* **About this task**: Please print nothing but the lines from the one containing "Colapsó una piscina" to the final line below, exactly, and no pictures.

------------------------------------

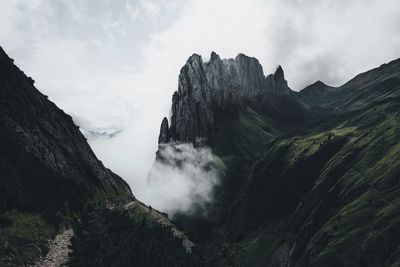 Panoramic view of mountains against sky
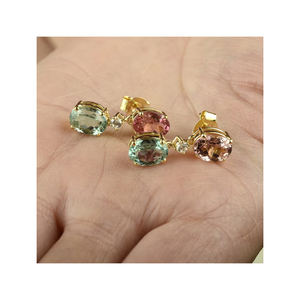 ต่างหูเม็ดเดี่ยวประดับเพชรเม็ดทอง14k แท้สีชมพูสีเขียวทัวร์มาลีนออกแบบทันสมัยสำหรับวันครบรอบแต่งงาน - Product Image 1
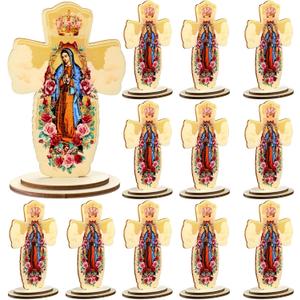 Amyhill 12 Pcs Virgen De Guadalupe Statue Bulk for Baptism Favor 6.5'' Religious Wooden Our Lady of Guadalupe Virgin Mary Figurine for Mothers Day First Communion Gift Recuerdos De Bautizo (Cross)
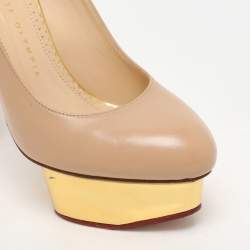 Charlotte Olympia Beige Leather Dolly Slingback Platform Sandals Size 37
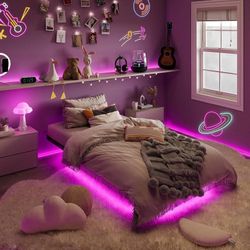 Twin Size Floating Bed Frame with Smart LED Lights, Black Modern Design Metal Platform Bed with Power Strip, No Box Spring Needed, Noise-Free, Easy As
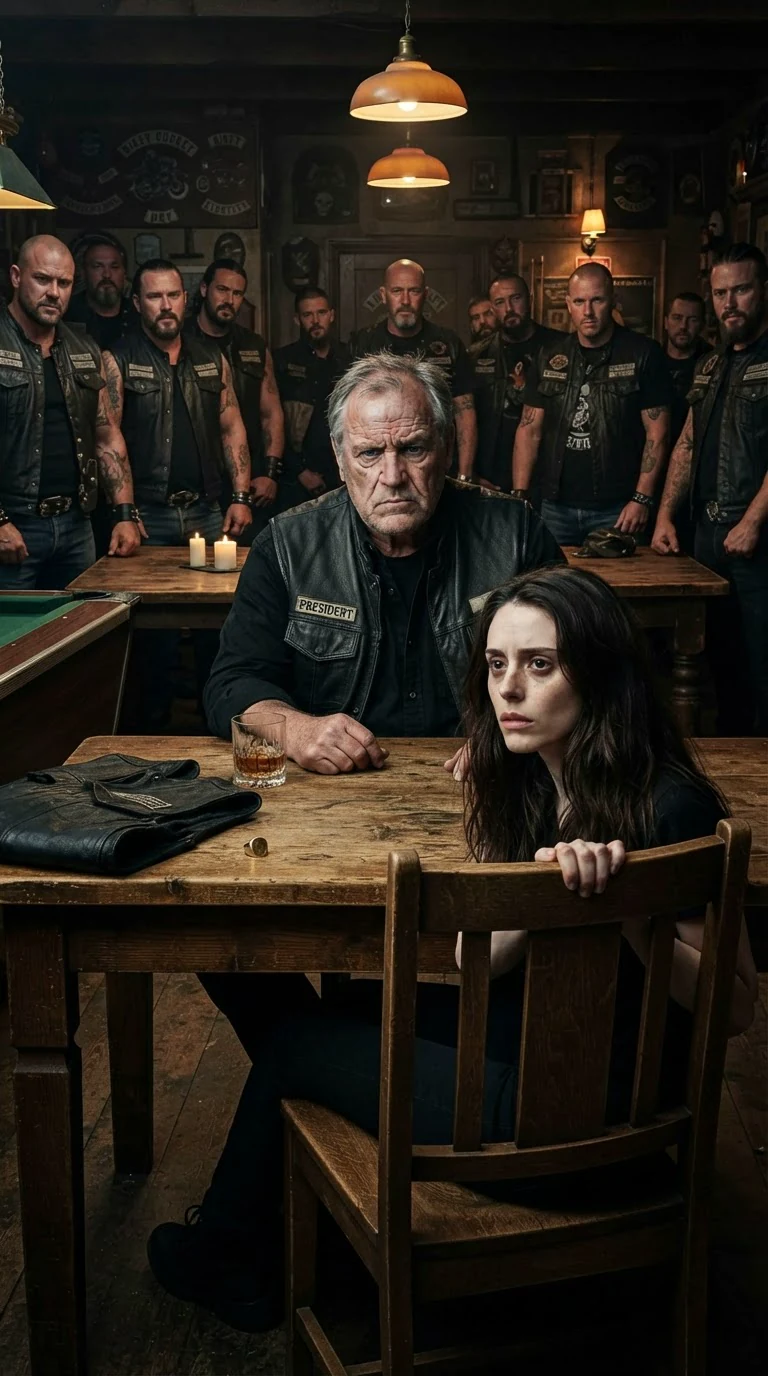A quiet bar of club members watches a woman get shoved down into a chair before a heavy gray-haired man.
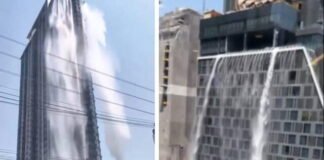 Colapsó una piscina en lo alto de un hotel de lujo de Bangkok durante el terremoto: El agua cayó hacia la calle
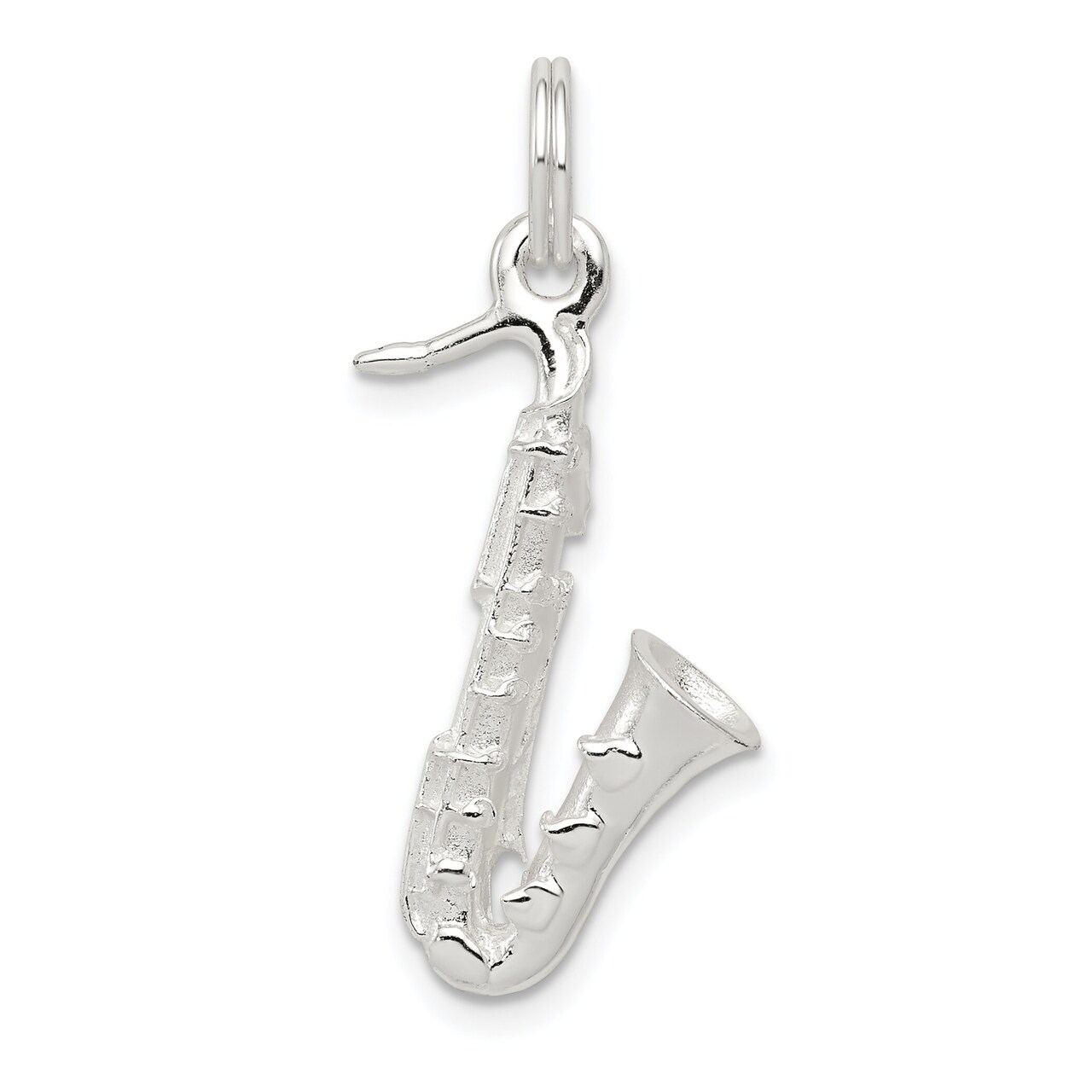 Sterling Silver Saxaphone Charm Music Pendant Jewelry 25mm x 15mm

------------------------------------

* **Expected answer**:
 Colapsó una piscina en lo alto de un hotel de lujo de Bangkok durante el terremoto: El agua cayó hacia la calle
 Sterling Silver Saxaphone Charm Music Pendant Jewelry 25mm x 15mm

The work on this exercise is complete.